Directed by Aivars Freimanis.
Written by Aivars Freimanis and Janis Peters.
Starring: Valdemars Zandbergs, Leonids Grabovskis, Velta Line and Indra Brike.

“Life”, as its title suggests, is grand in scope. It tells the life story of Krisjans Barons, the primary cataloguer of the Dainas. It also, in the context of Barons’ life’s work, attempts to tell the tale of Latvia’s emerging national identity and the men and women who brought a people, who had a distinct identity for thousands of years but no national identity as such, into the age of nations.
Where in “Abols Upe” director Ivars Freimanis’ attempt at combining a documentary style with a fictional story did not always work, in “Life” it works to near perfection. Perhaps its because the subject matter of “Life” lends itself to experimentation and a non-traditional approach.
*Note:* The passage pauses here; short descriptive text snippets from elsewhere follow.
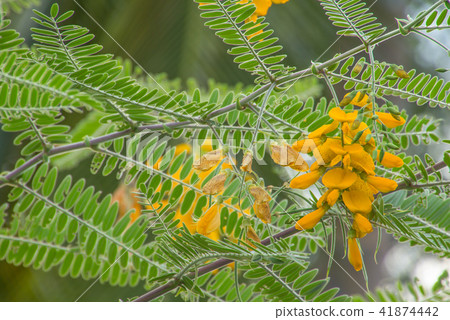 Sesbania Flower Sesbania Flower 41874442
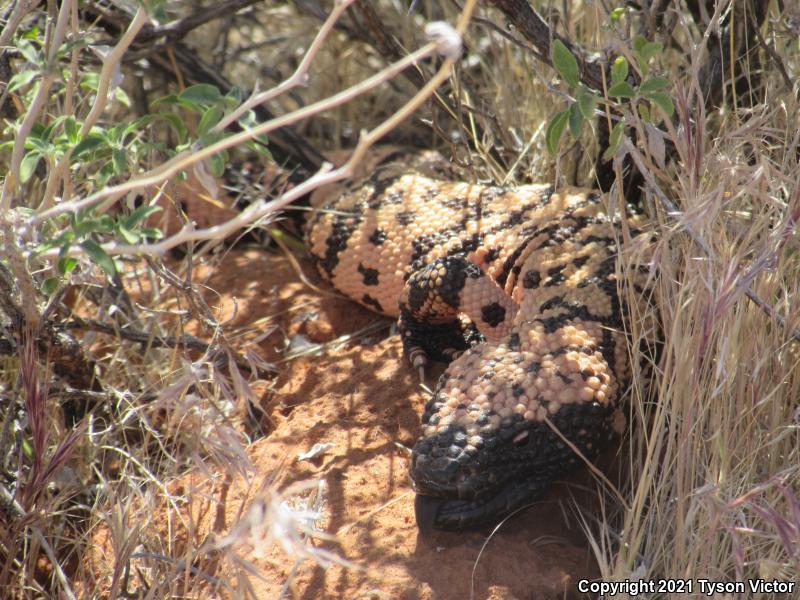 Banded Gila Monster (Heloderma suspectum cinctum)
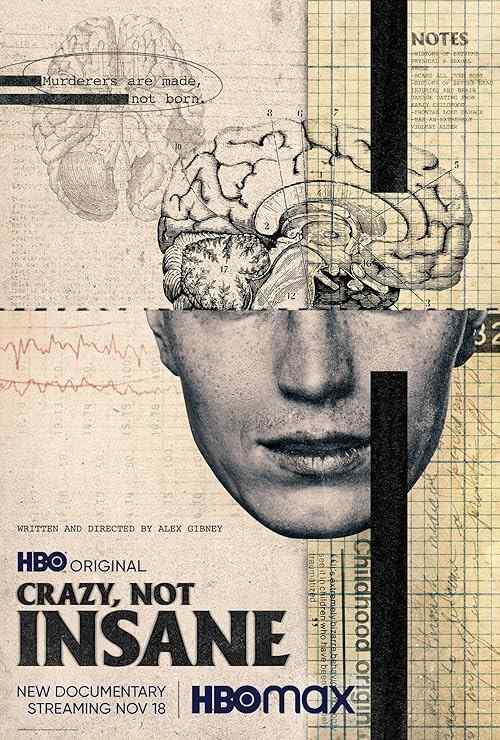 Crazy, Not Insane poster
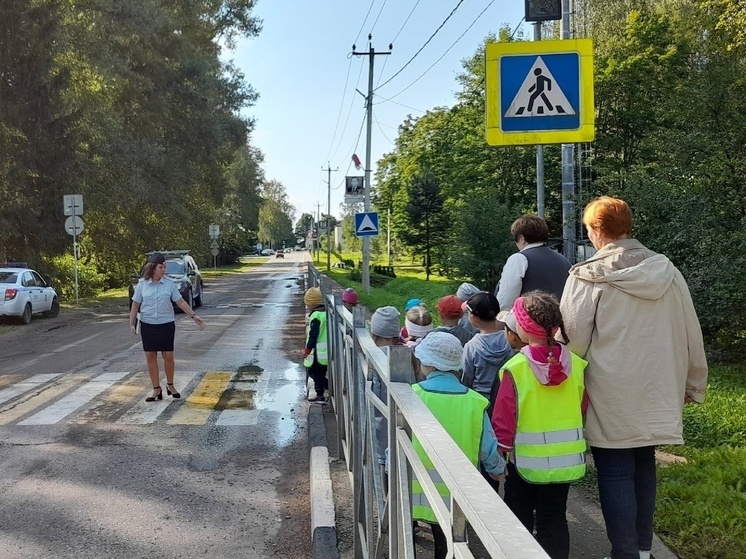 В Андреаполе дошкольникам рассказали о ПДД В Андреаполе дошкольникам рассказали о ПДД
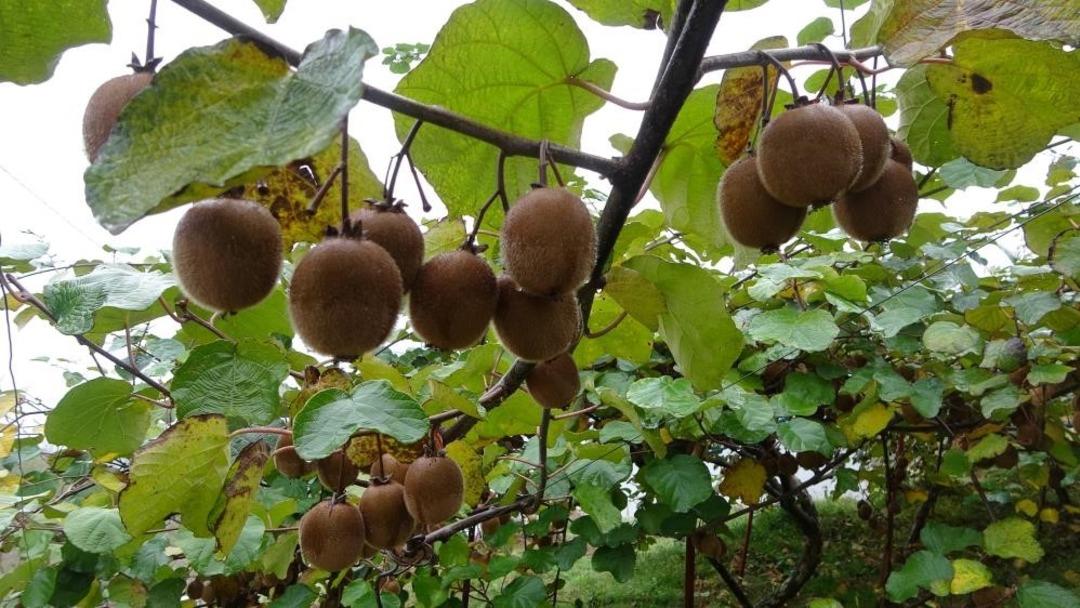 Kilosu 80 TL ye düştü, üreticiden sitem dolu sözler Sesimizi duyan yok 2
Also, by adding other stylistic elements such as animation and footage of folklorists performing songs and rituals from rich tapestry of Latvian folklore he adds to the narrative element of the story, captures the mystical and spiritual sides, and makes a biographical story resound in its lyricism.
Like the film, the dainas themselves serve a multiple purpose. They are primarily folk songs, but also a storehouse of the collective national wisdom and ethos. They are a combination of mythology, practical advice and religion. Barons’ effort to catalogue them, he collected over 200,000 dainas, came at a time when Latvia and Latvians were under the rule of Russia and Germany, and like many other nations at the time, were either emerging from or straining against the rule of empires.
Freimanis tells his story from the end to the beginning. Barons’, ably played by Valdemars Zandbergs and Leonids Grabovskis, in the twilight of his years is reflecting on what his life’s work has meant and whether or not the incredible sacrifices that were made to accomplish it was worth it. The film jumps back and forth in time, showing Barons as a man struggling between the choices available to Latvians of the period, torn between empires and cultural, as well as, political monoliths that demand obedience and offer little choice other than assimilation.
This tapestry is further filled out by the performances of Indra Brike and Velta Line, as Barons’ wife Darta, who sacrificed as much, if not more, in this epic effort. In Darta we see the effort and price that most of us, while not great players in the struggle for Latvian identity, had to pay to bring it to its fruition.
“Life” does drag on in parts, it’s about three hours long, but over all manages to accomplish what it sets out to do. It captures the story of a man and the people and nation that he grew to symbolize.